Are there any other Nissans out there that use rear strut inserts besides the j-30 3rd gen maxima and 2nd gen maxima?
The best strut i can get my hands on is a Koni Red and that's not too impressive.


----------



## shock211 (Feb 28, 2005)

anyone????


----------



## Matt93SE (Sep 17, 2003)

Dude, why are you asking this stuff here? I've done all this research already. there is NOTHING out there that will fit. trust me. I've looked for years.

Besides, the rear inserts aren't the issue. find some front ones that will fit. nothing short of complete custom up there.


----------



## shock211 (Feb 28, 2005)

Matt93SE said:


> Dude, why are you asking this stuff here? I've done all this research already. there is NOTHING out there that will fit. trust me. I've looked for years.
> 
> Besides, the rear inserts aren't the issue. find some front ones that will fit. nothing short of complete custom up there.


it crossed my mind and i figured since this board houses many different nissan models, i'd ask. it's not that i think the rears are particularly the problem. its just that i think using a 4th gen or 5th strut in the front should work with very little custom work needed. it's the rears that leave me clueless.


----------



## Matt93SE (Sep 17, 2003)

the problem with our cars is suspension travel in the front...

(I've said this many times on .org, if you'd ever read the posts about suspension there.)
the 3rd gen MAxima strut is the shortest one known to man pretty much. it's 12" long. the 4th and 5th gen Maxes are 14" long. Install anything in there that fits an A32 or A33 and you're basically bypassing the function of the strut altogether, because it will be sitting on the bumpstop the second you lower the car to the ground.

the only thing you can do unless you go 100% custom-built is to modify the upper strut mount for more travel and use the Koni reds.


----------



## shock211 (Feb 28, 2005)

Matt93SE said:


> the problem with our cars is suspension travel in the front...
> 
> (I've said this many times on .org, if you'd ever read the posts about suspension there.)
> the 3rd gen MAxima strut is the shortest one known to man pretty much. it's 12" long. the 4th and 5th gen Maxes are 14" long. Install anything in there that fits an A32 or A33 and you're basically bypassing the function of the strut altogether, because it will be sitting on the bumpstop the second you lower the car to the ground.
> ...


god damn it!
i don't think i was on the org when you were doing all that research. plus i'm not there regularly enough to catch everything. i only breeze through there once or twice a week. most people there have no problems with the tokico blues or kyb gr2s.
i didn't think the 4th gen struts would be different in terms of piston length, i thought the difference was going to be the spring seating and upper strut mounts. the upper mounts from a 3rd gen could be used with a 4th gen strut so i thought i was on easy street....guess not.
oh well...


----------



## Matt93SE (Sep 17, 2003)

This has been in the past few months.. lots of discussion in the main and 3rd gen forums about struts and travel.
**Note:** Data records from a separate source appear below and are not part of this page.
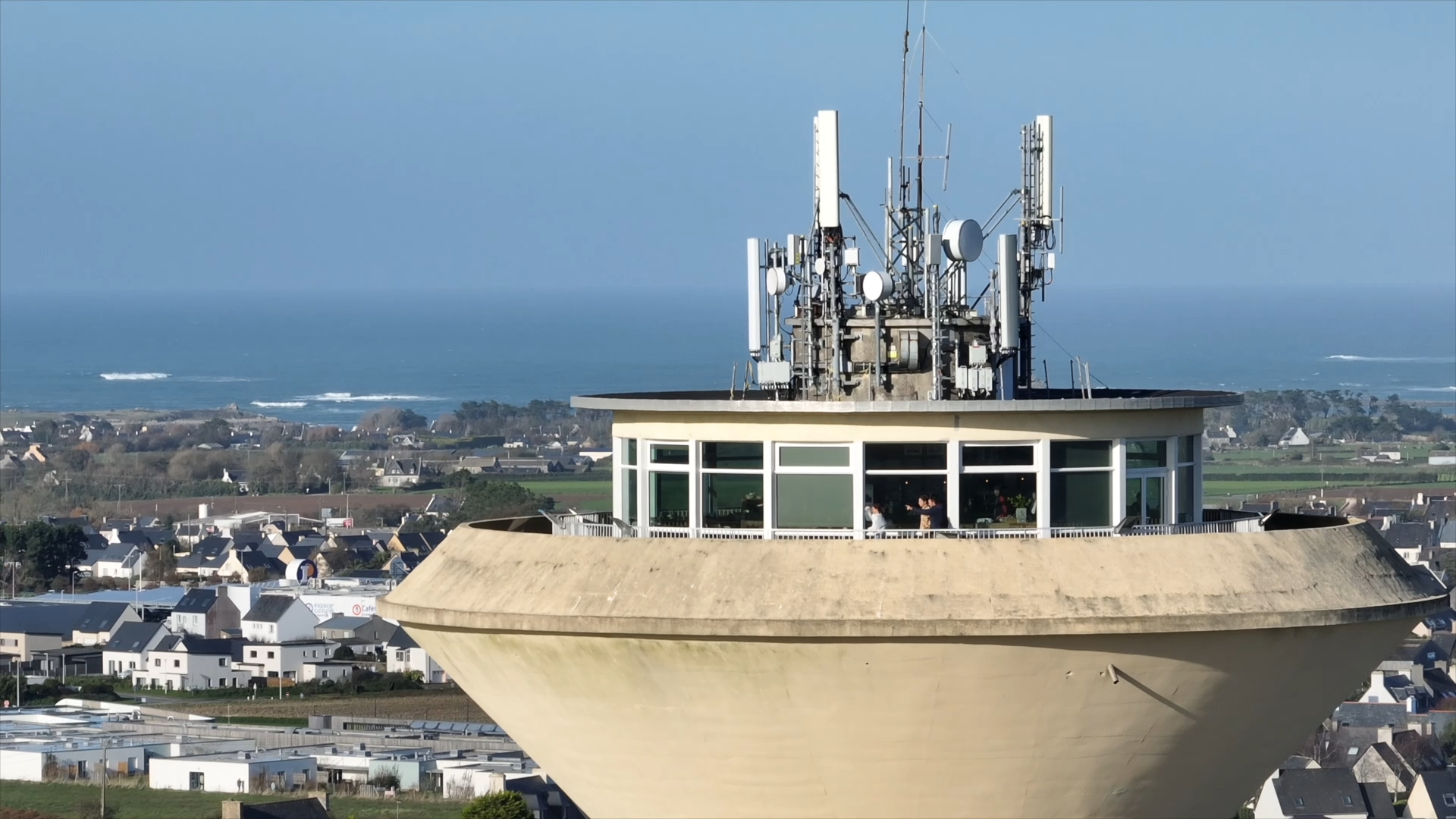 « Un peu comme en montagne, il faut tout prévoir pour ne manquer de rien » : à Ploudalmézeau, on sert les crêpes au sommet d'un château d'eau
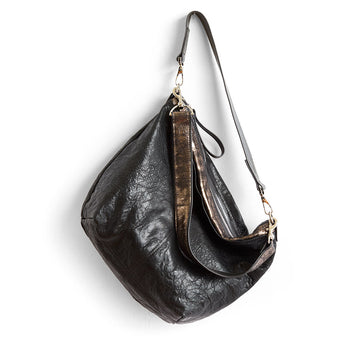 HBP238 | Ann | New York | Hobo - Medium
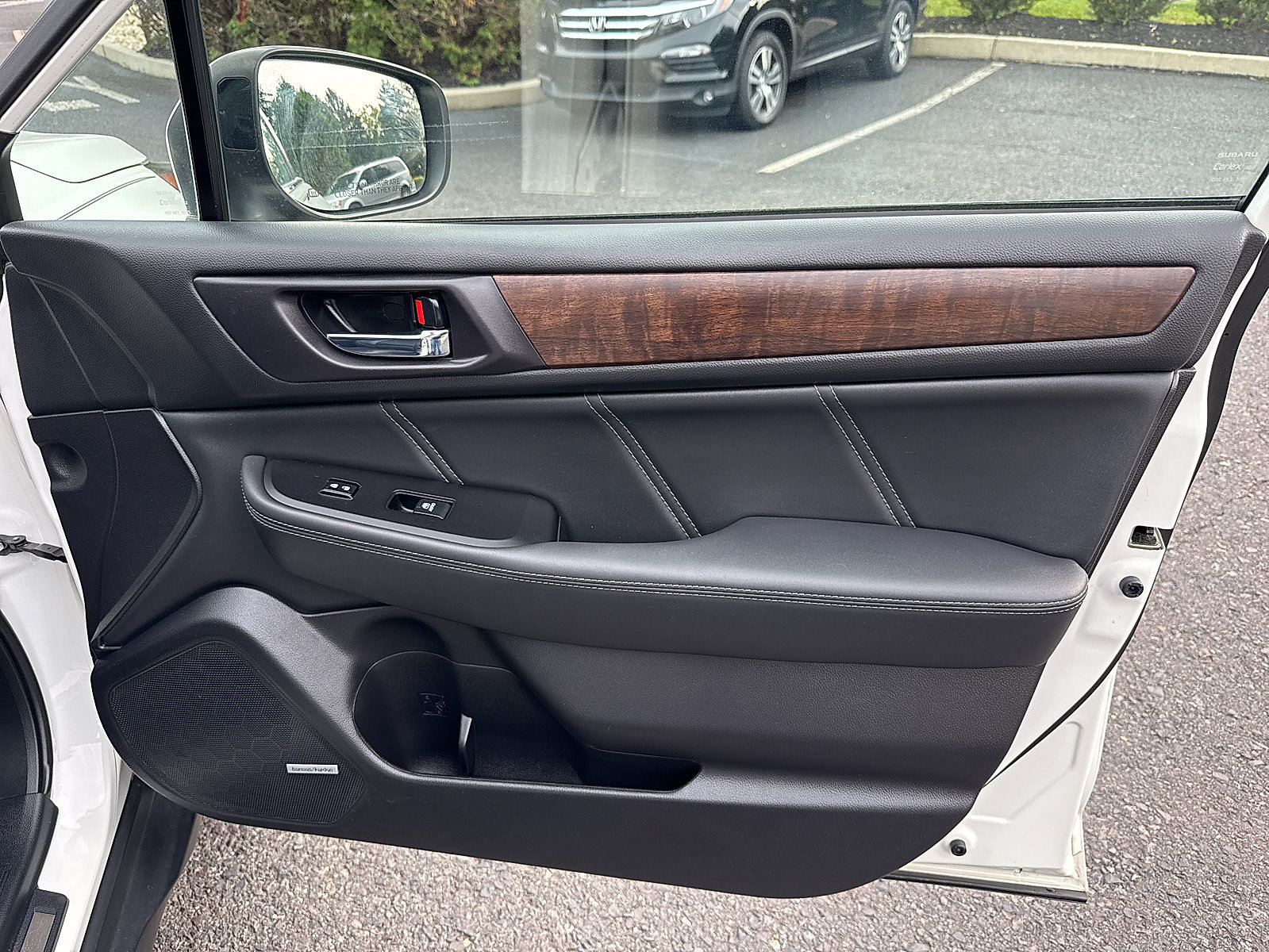 Used 2019 Subaru Outback 2.5i Limited AWD/4WD image 44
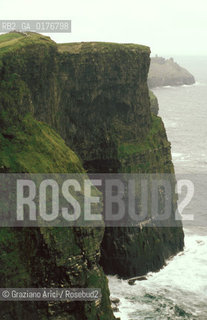 IRLANDA (LIMERICK) CLIFFS OF MOHER  - © 2002 Graziano Arici/Rosebud2 / GEO / MARE / ROCCIA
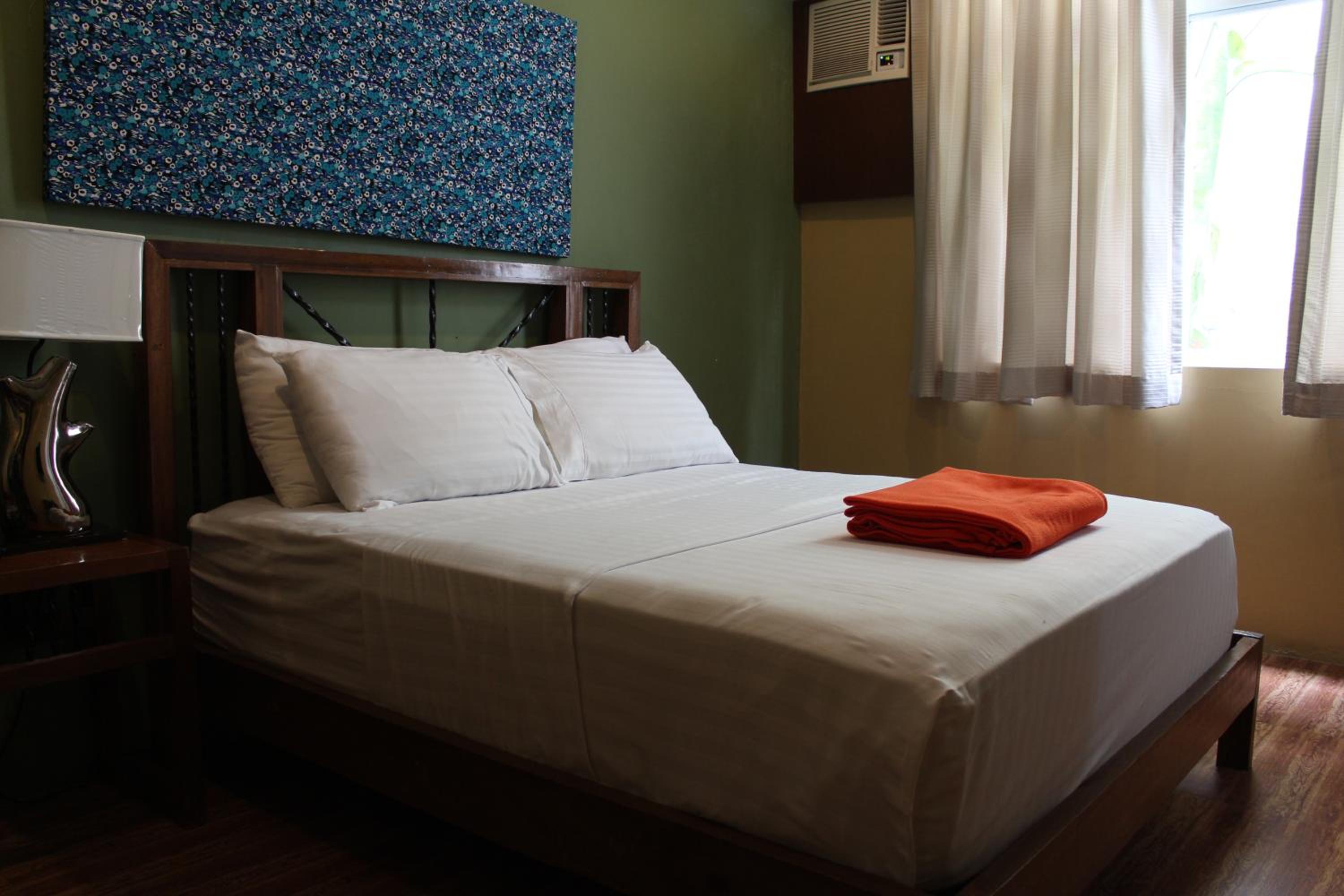Deluxe Queen Room - Photo 3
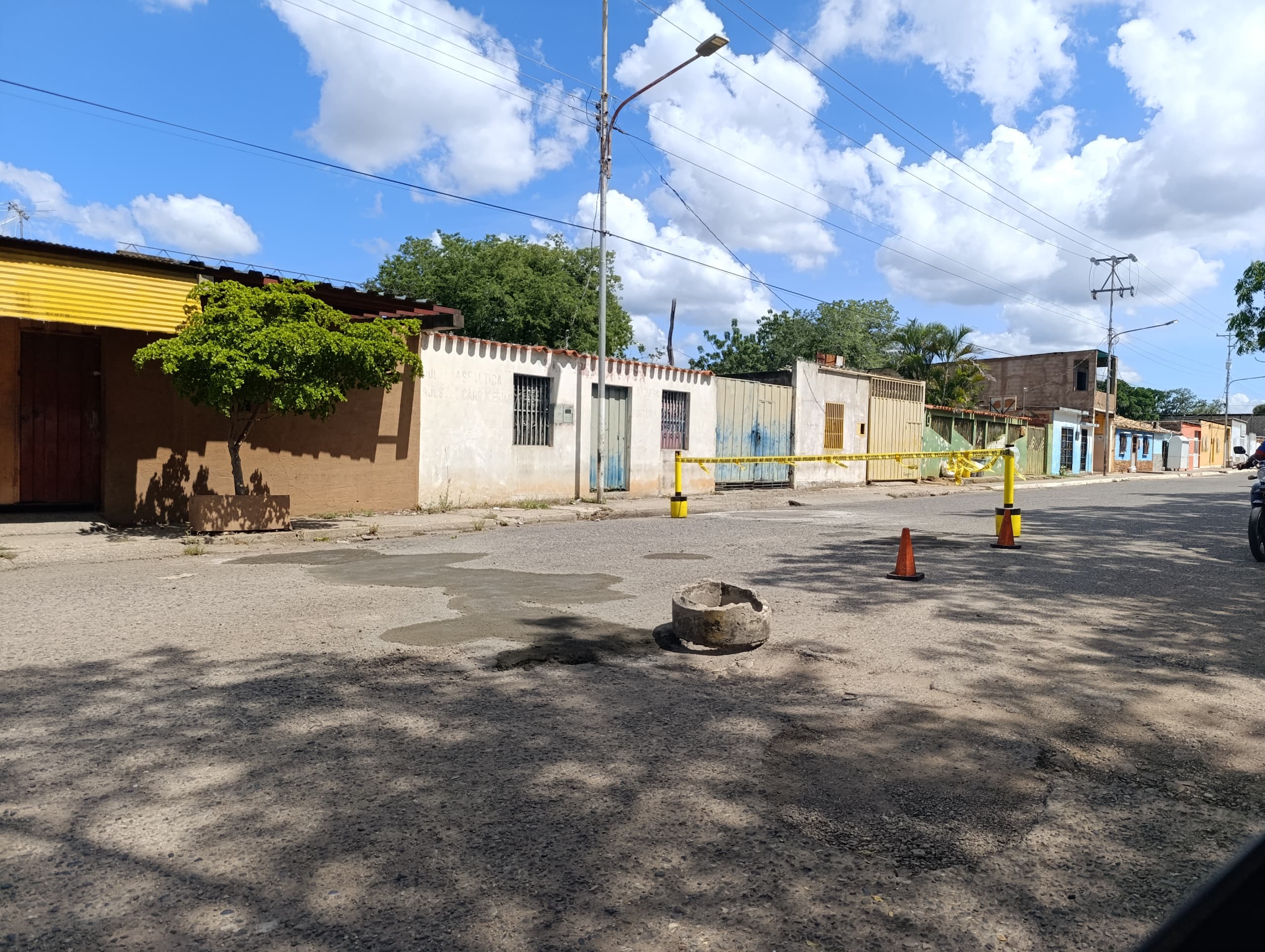 Vecinos y comerciantes se unen para tapar los huecos de las calles en Carora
I'm currently looking at some Tein HAs from a friend's 240 to see if I can make those work.. it's a stretch, but it's better than what I've got now.


----------



## shock211 (Feb 28, 2005)

Matt93SE said:


> This has been in the past few months.. lots of discussion in the main and 3rd gen forums about struts and travel.
> 
> I'm currently looking at some Tein HAs from a friend's 240 to see if I can make those work.. it's a stretch, but it's better than what I've got now.


hmmm..i'll look through the 3rd gen forums and see what i can find.
you use the koni reds, right?


----------



## Matt93SE (Sep 17, 2003)

Yup, Koni reds here.. remember, the rear isn't the issue.. it's the front.


----------